Il devrait maintenant être évident qu’écrire ce livre a été un projet ambitieux. Je me suis souvent senti comme un perchiste s’inscrivant à un décathlon. Je maîtrise certains aspects du droit et de la politique migratoire grâce à des décennies d’expérience, mais j’étais moins expert sur d’autres sujets traités dans le livre. Pourtant, j’ai estimé essentiel de synthétiser les réflexions autour des dix questions pour corriger la vaste production écrite qui écarte certains enjeux fondamentaux.

Par exemple, il est dangereusement réducteur de réfléchir à l’avenir de la protection humanitaire sans prendre en compte ce que signifie s’attaquer aux causes profondes de la migration.
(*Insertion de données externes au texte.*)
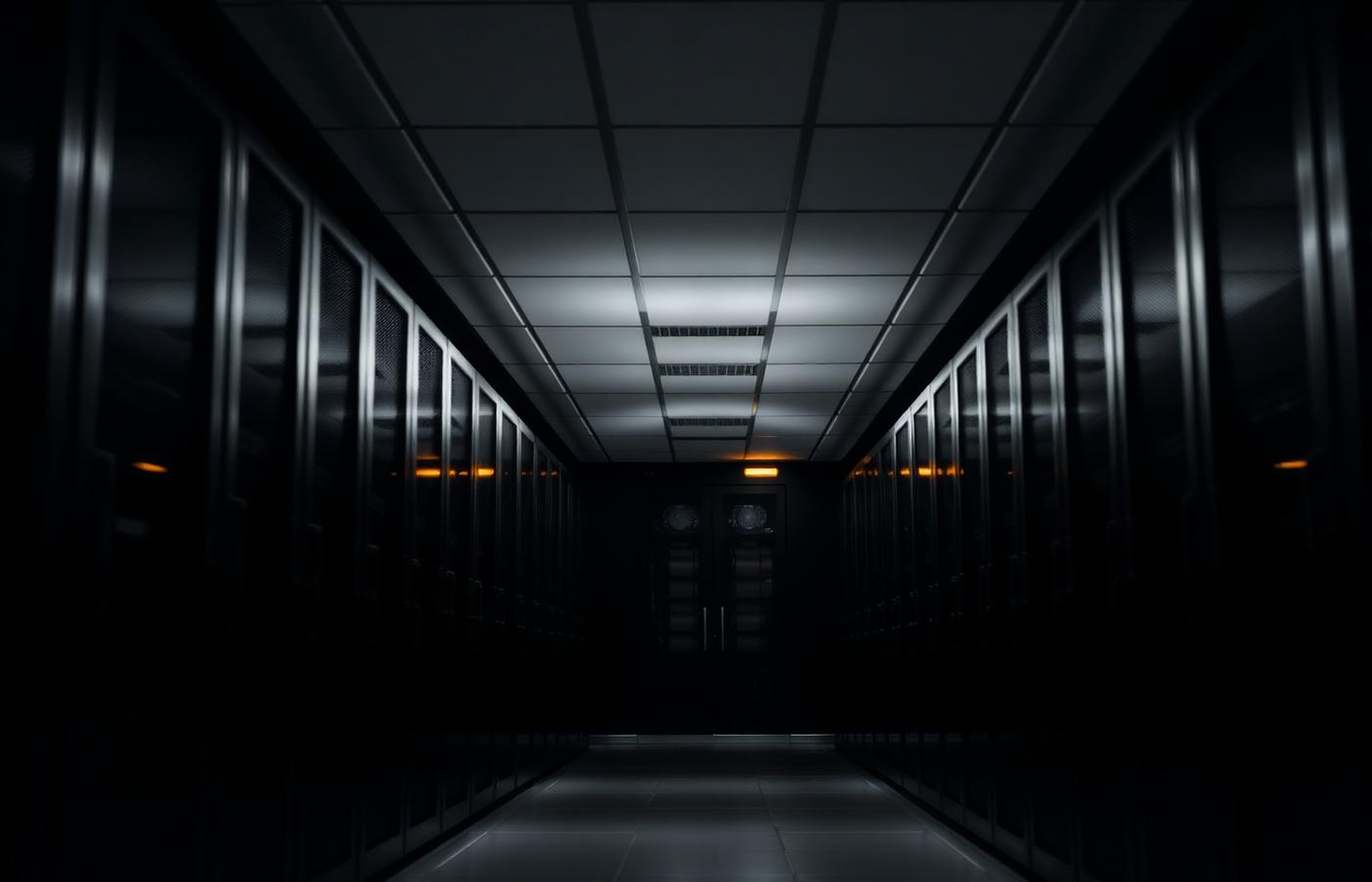 Long corridor of illuminated server racks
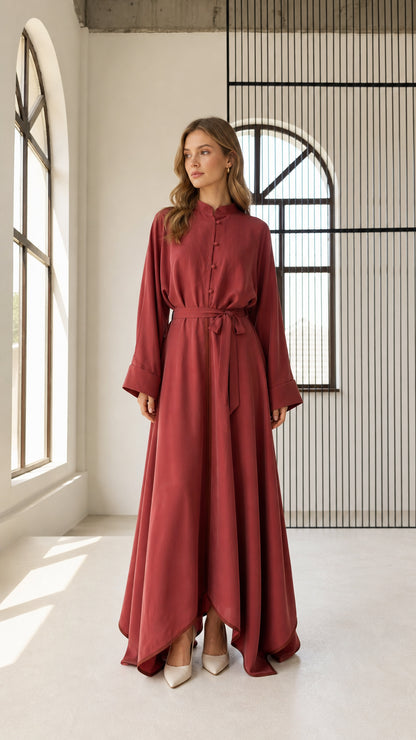 Front full view of woman wearing rust red long sleeve belted flowy maxi dress with stand collar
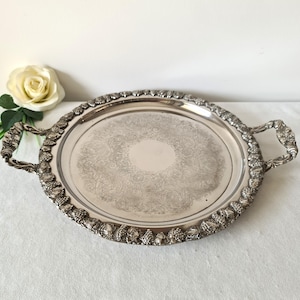 May include: A silver-plated serving tray with a detailed grape and vine border and ornate handles. The tray has an oval shape and a central embossed floral pattern. The handles are intricately designed. A white rose is visible in the background, adding to the presentation.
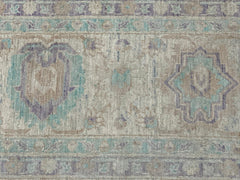 A handmade Afghan Chobi rug featuring traditional geometric patterns in muted blue and beige tones.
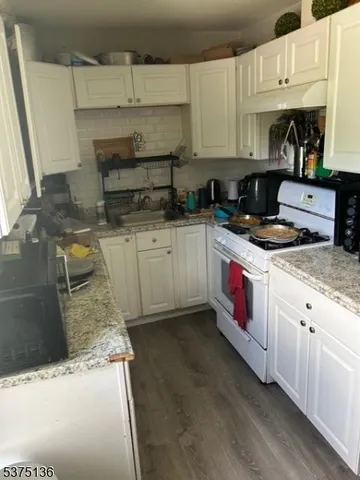 a kitchen with stainless steel appliances granite countertop a sink stove and cabinets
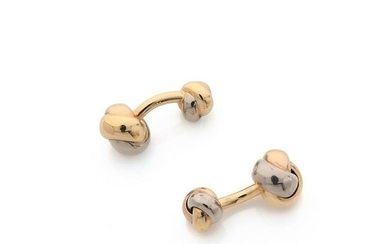 CARTIER, Paris Pair of cufflinks with decoration of trimmings in 18K yellow, grey and pink gold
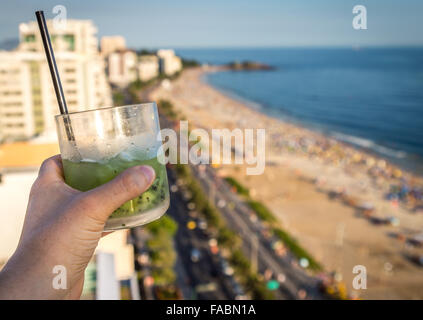 Eine köstliche Kiwi Caipirinha Drink mit Blick auf den berühmten Strand von Ipanema in Rio De Janeiro, Brasilien Stockfoto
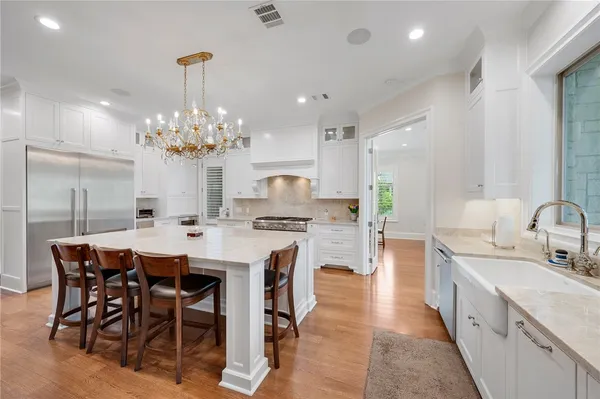 a large kitchen with a table and chairs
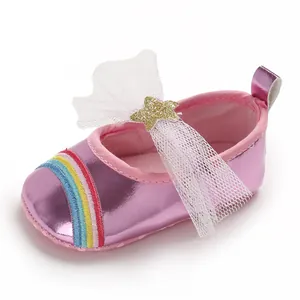 Detailed macro view of pink metallic baby girl walking shoe with rainbow and mesh bow decoration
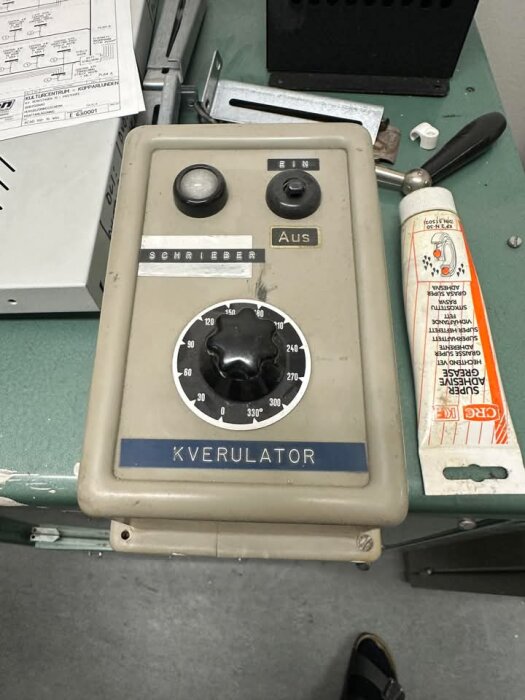 En "Kverulator" med vridreglage och knappar, placerad bredvid super adhesive grease i en verkstadsmiljö.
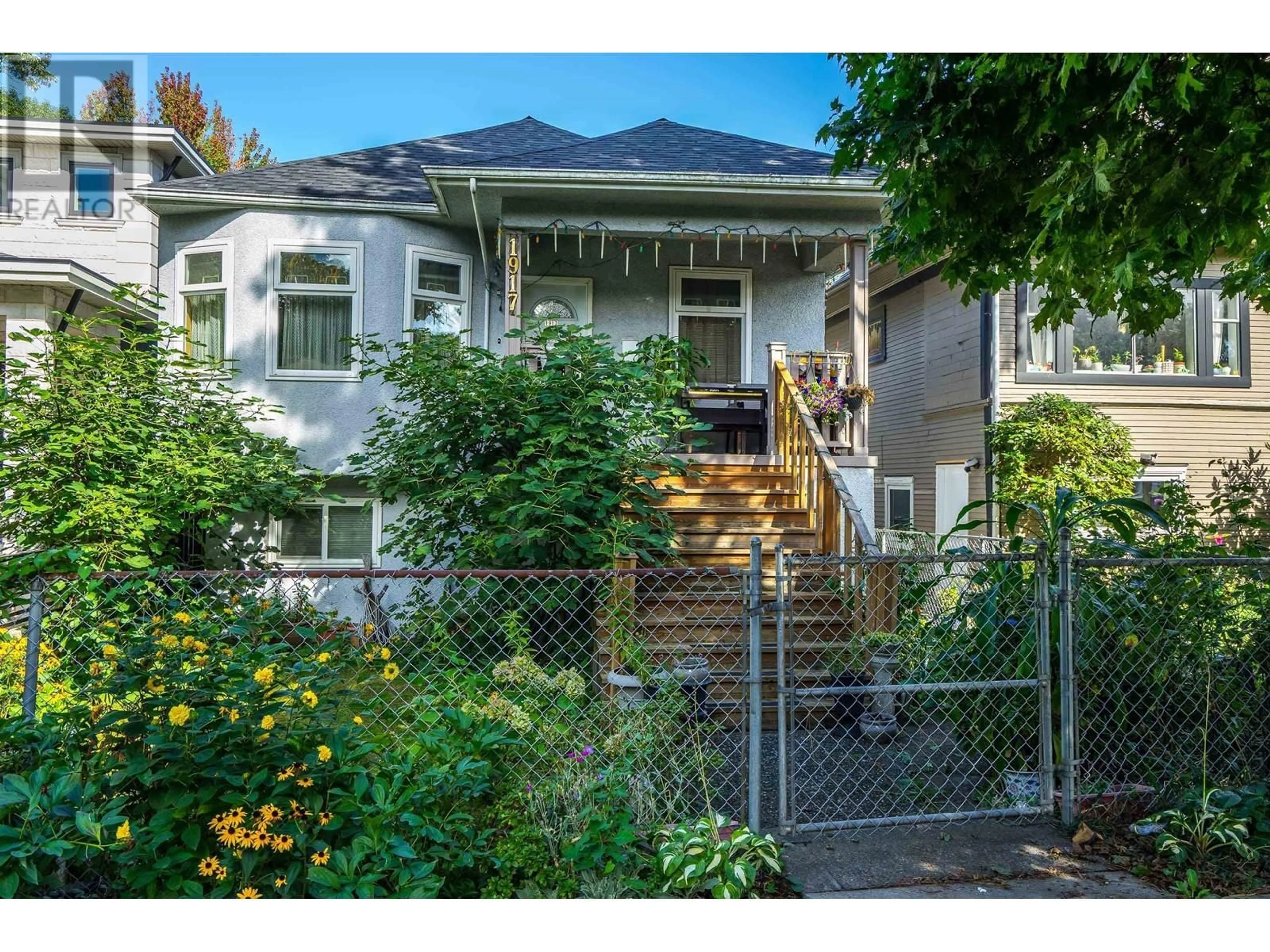 Frontside or backside of a home, the fenced backyard for 1917 E 22 AVENUE, Vancouver British Columbia V5N2R2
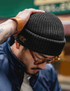 Retro Knit Beanie in Black top down view with hand adjusting fit highlighting ribbed knit texture and snug winter style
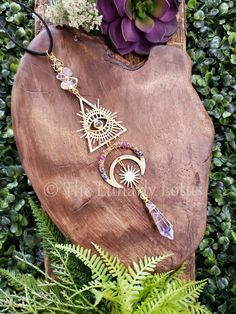 a necklace with an all seeing eye on it sitting next to a potted plant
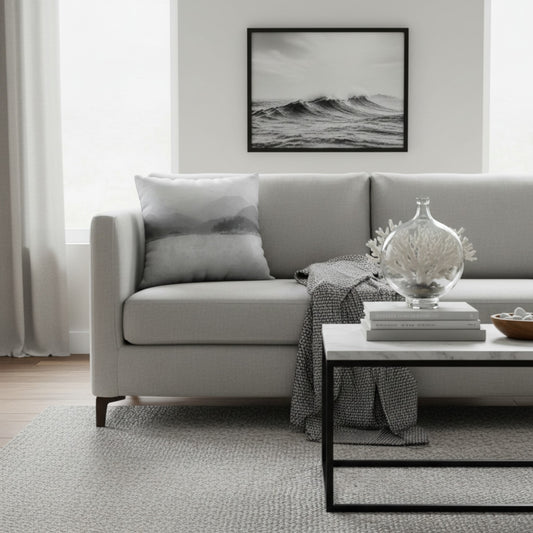 A modern living room scene featuring a light gray fabric sofa with a matching gray throw pillow, a black-framed black and white ocean wave print hanging on the wall, and a white marble-top coffee table in the foreground.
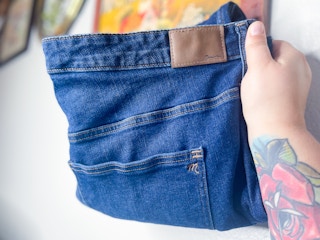 A person's hand holding up a pair of Madewell jeans in their home.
Évaluer les catégories d’admission sans examiner la migration temporaire ou permanente est une analyse incomplète. Et lorsqu’on examine les catégories d’admission, il est essentiel de se demander ce que signifie pour les nouveaux arrivants s’intégrer dans un nouveau pays.

Alors, quels sont les principaux enseignements que l’on peut tirer d’une approche aussi large de la politique migratoire que celle adoptée dans Frontières et appartenance ? Dans certaines parties du livre, je déconstruis ce qui est souvent perçu comme une évidence. Le livre propose aussi de nouveaux cadres d’analyse pour mieux comprendre les choix politiques. J’y souligne également des liens essentiels entre des enjeux fréquemment traités de manière isolée. Voici cinq de ces points clés.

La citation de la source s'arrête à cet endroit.